##### DATA BLOCK

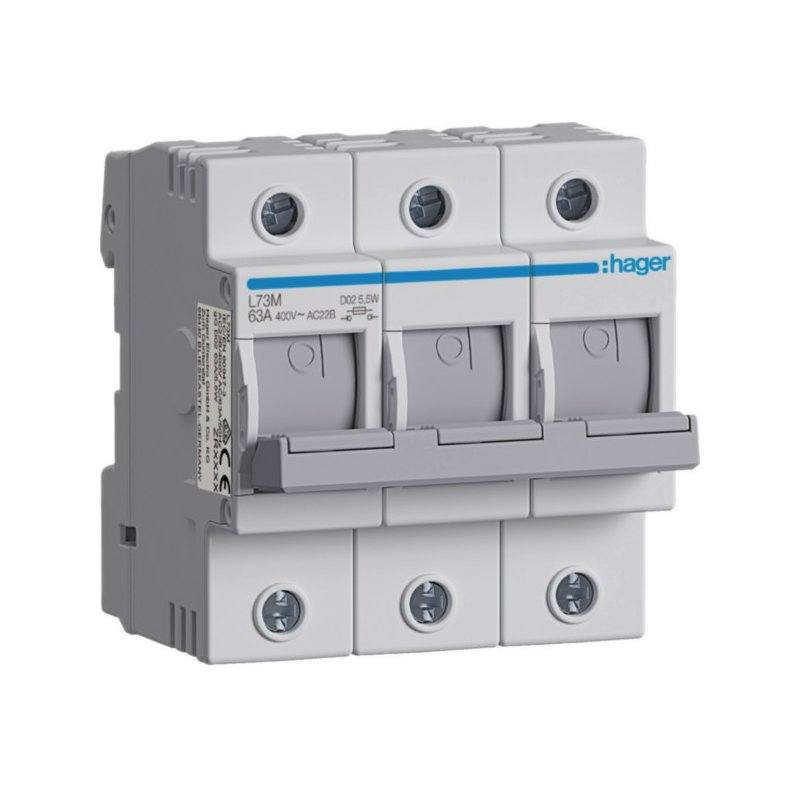 Hager L73M – Separator portfuzibil D02 3P 63A cu LED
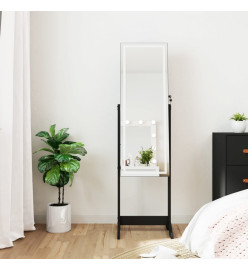 Armoire à bijoux miroir avec lumières LED sur pied noir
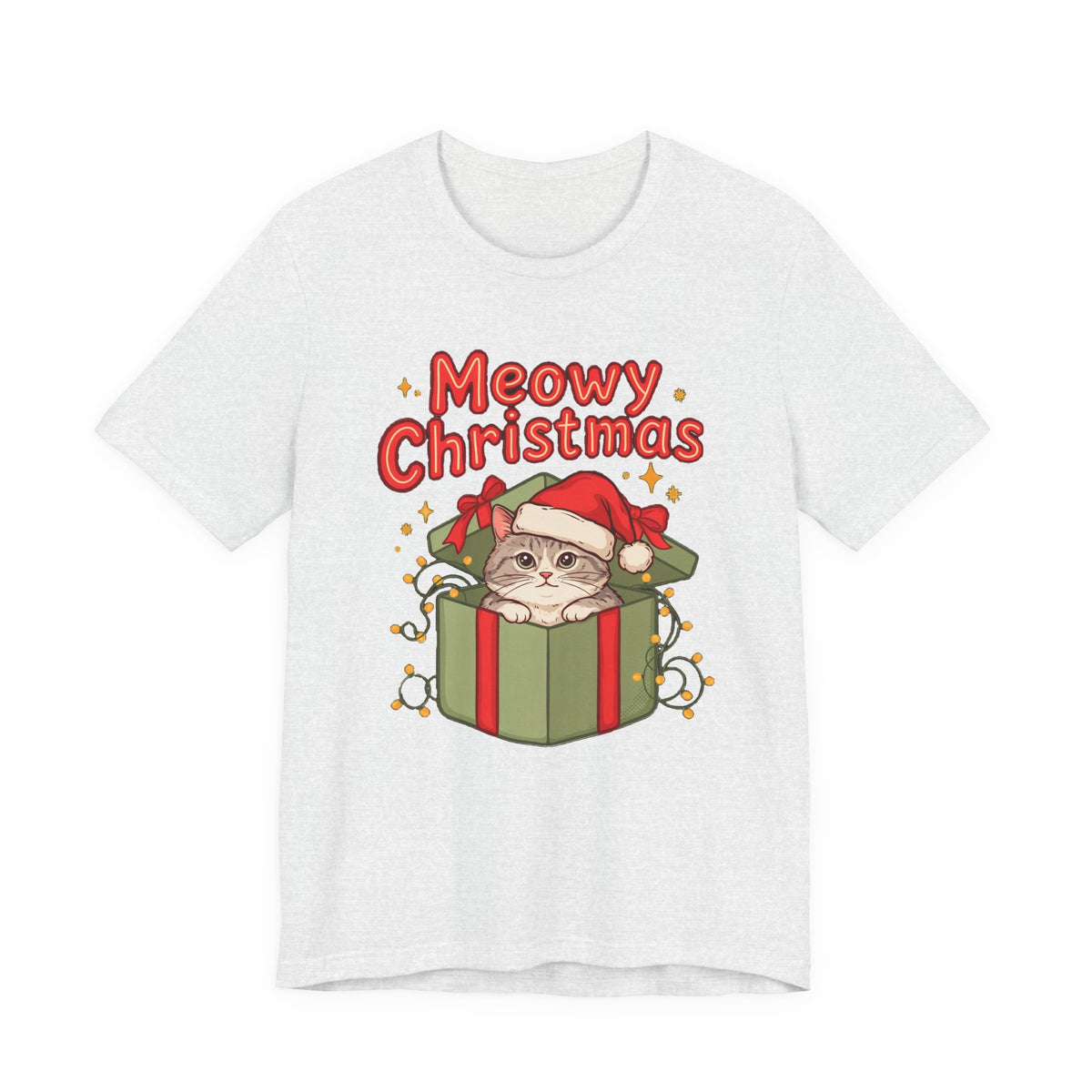 Meowy Christmas Shirt, Funny Cat Christmas T-Shirt, Gift for Cat Lovers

##########

# WORK INSTRUCTIONS
The line containing "Armoire à bijoux" and every line after it, through the end of the data, are to be output exactly. Omit the pictures.

# ANSWER BELOW
 Armoire à bijoux miroir avec lumières LED sur pied noir
 Meowy Christmas Shirt, Funny Cat Christmas T-Shirt, Gift for Cat Lovers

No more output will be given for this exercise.